How this Link Building Actually Helped Us
What happened next was a real surprise. After taking this approach for almost a year (link building part time), we started getting a lot of traffic. While some of that traffic came from colleges, the bulk of it came from this search engine called Google. Of course, Google was just starting to take the lead in search market. Eventually, our site started growing and we realized we could monetize easier through advertising and by 2005 we were generating hundreds of thousands of pageviews a month. What we realized is that these good links built up our sites trust. Google used a term called “Page Rank” and getting a ton of quality links helped catapult our PR. This led to a great number of top 10 listings for a number of contested keywords.
After this point, we made several other web sites. Some worked, others didn’t work so well. We started outsourcing link building and spent a lot of money on building quick links. We went with quantity over quality. At the time, it wasn’t a bad idea as it was effective. We never did anything black hat. However, the lack of quality stopped working so well. We had a spike of high traffic but then things settled down. Essentially, Google changed the way they valued links. And having a poor link profile can hurt your rankings through the Penguin algorithm.
From this point forward, you HAVE to think value when building links.
The biggest risk in building quick, fast, easy low quality links is Penguin. If your site has too many bad links pointing to it, you can get penalized. But just as important, these links don’t really help you anymore, even if you are not penalized.

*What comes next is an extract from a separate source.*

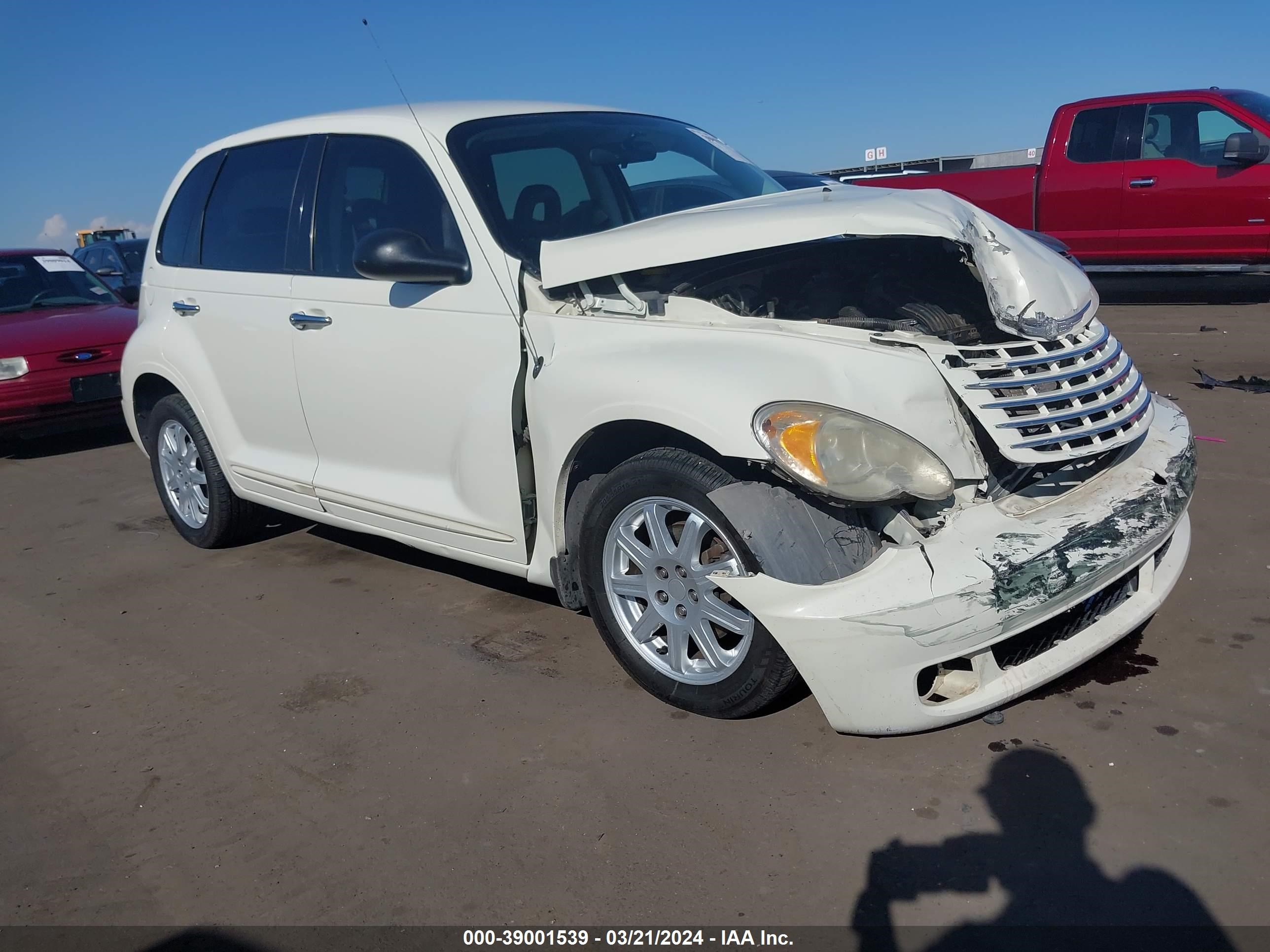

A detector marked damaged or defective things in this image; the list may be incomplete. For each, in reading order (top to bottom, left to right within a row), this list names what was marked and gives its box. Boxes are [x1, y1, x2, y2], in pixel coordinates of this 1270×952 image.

damaged hood [540, 184, 1096, 341]
front-end collision damage [710, 396, 1199, 737]
cracked bumper [718, 394, 1199, 737]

The easiest way to explain it is that 10 links from a great source can help your site in search better than 10,000 links from garbage sites. Anything that is a quick submission isn’t going to help. Auto-generated blogs, link networks, blog comments, forum links and bulk directories are not the ideal links. In the past, these links could build up and help your site rank higher, but now it is a waste a time.
Essentially, we have gone back to our roots of link building. We look for sites that are in our niche, where a link could actually give us traffic. We explain how our content is useful and even offer to help their site.
Quality Link Building Through Outreach
We spend more time on email outreach. 90% of our link building is focused in the attempt to build relationships with other sites. And that 10% success rate is actually very good. I’ll take that all day. Some of outreach can be automated but I never recommend mass emails or cookie cutter messages. Make your message unique and thoughtful.
The naive Internet rookie in 2001 actually had it right. You have to go for the good links. Even if it is slow and methodical. We have taken this approach with our newest site and it is amazing when I look at our traffic and see so much traffic coming from sites other than search. Eventually, we expect search engines to give us traffic, but there is traffic to be gained by obtaining links quality sites. And without question, your best use of time and capital should be spent building quality links to sites in your vertical.